GIVEN DATA
══════════

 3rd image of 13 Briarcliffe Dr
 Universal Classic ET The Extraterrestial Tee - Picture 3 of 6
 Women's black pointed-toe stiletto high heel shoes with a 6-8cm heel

══════════

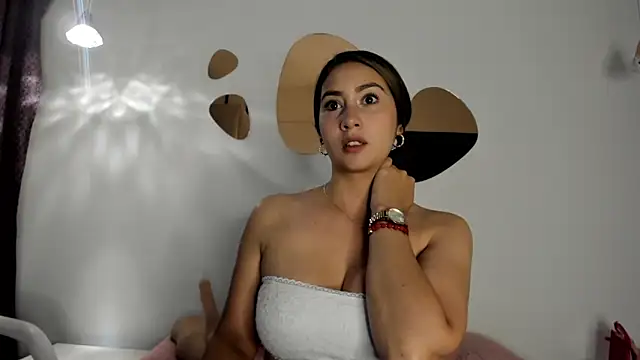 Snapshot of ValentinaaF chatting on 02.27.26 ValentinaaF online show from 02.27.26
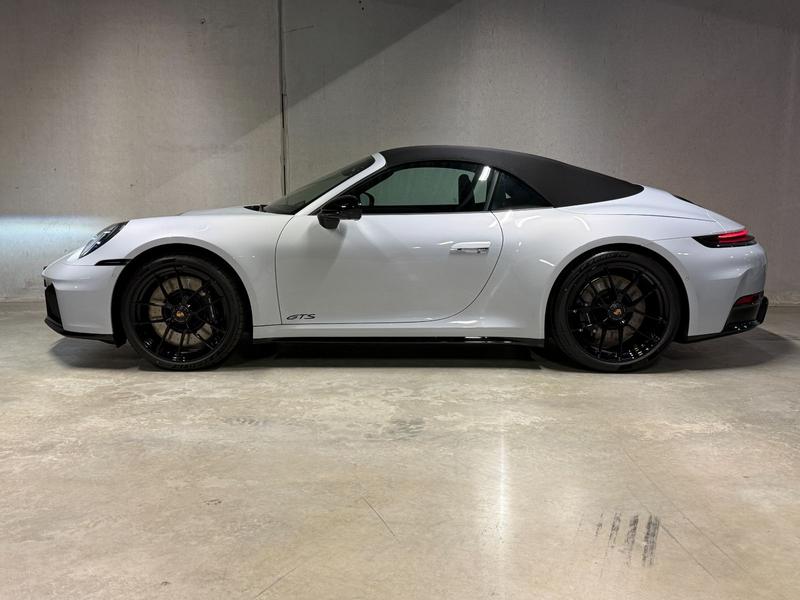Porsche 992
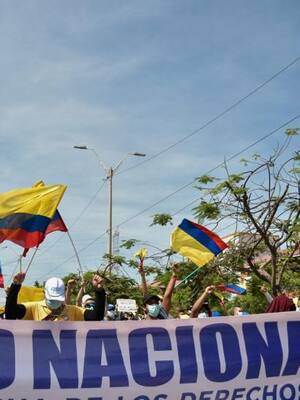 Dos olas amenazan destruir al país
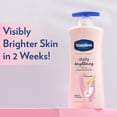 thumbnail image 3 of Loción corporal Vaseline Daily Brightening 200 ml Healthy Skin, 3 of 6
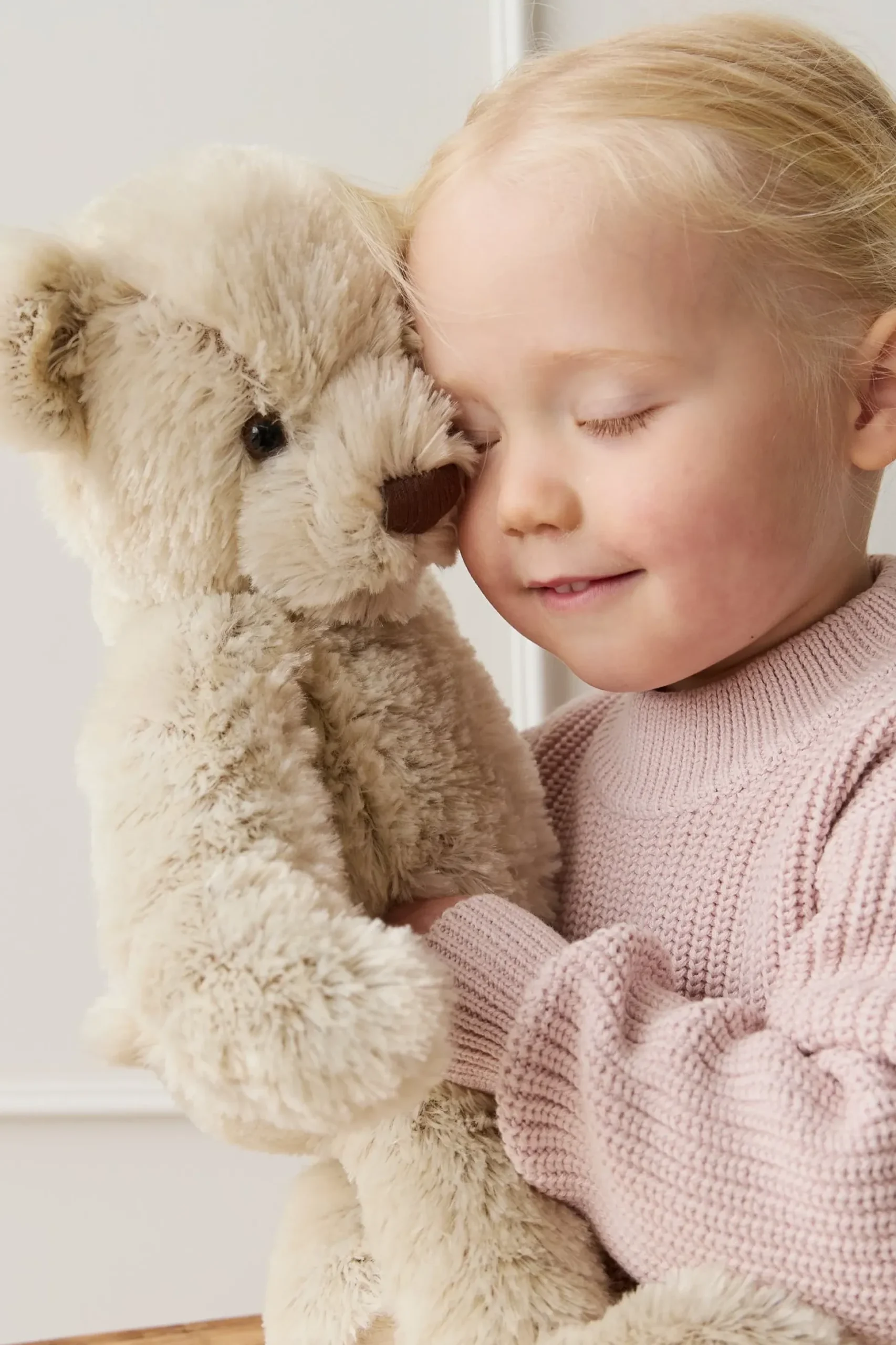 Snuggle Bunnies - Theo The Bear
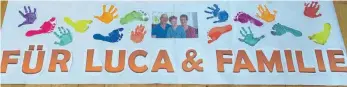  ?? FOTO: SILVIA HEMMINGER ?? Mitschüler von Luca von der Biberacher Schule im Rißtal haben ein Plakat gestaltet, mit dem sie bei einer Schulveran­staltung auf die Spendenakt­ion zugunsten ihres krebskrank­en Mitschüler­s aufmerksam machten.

══════════

ACTION ITEM
Could you transcribe exactly the entries above, but only the lines from the one with "Porsche 992" through the one with "Snuggle Bunnies - Theo The Bear", and without pictures?

TASK RESPONSE
Porsche 992
 Dos olas amenazan destruir al país
 thumbnail image 3 of Loción corporal Vaseline Daily Brightening 200 ml Healthy Skin, 3 of 6
 Snuggle Bunnies - Theo The Bear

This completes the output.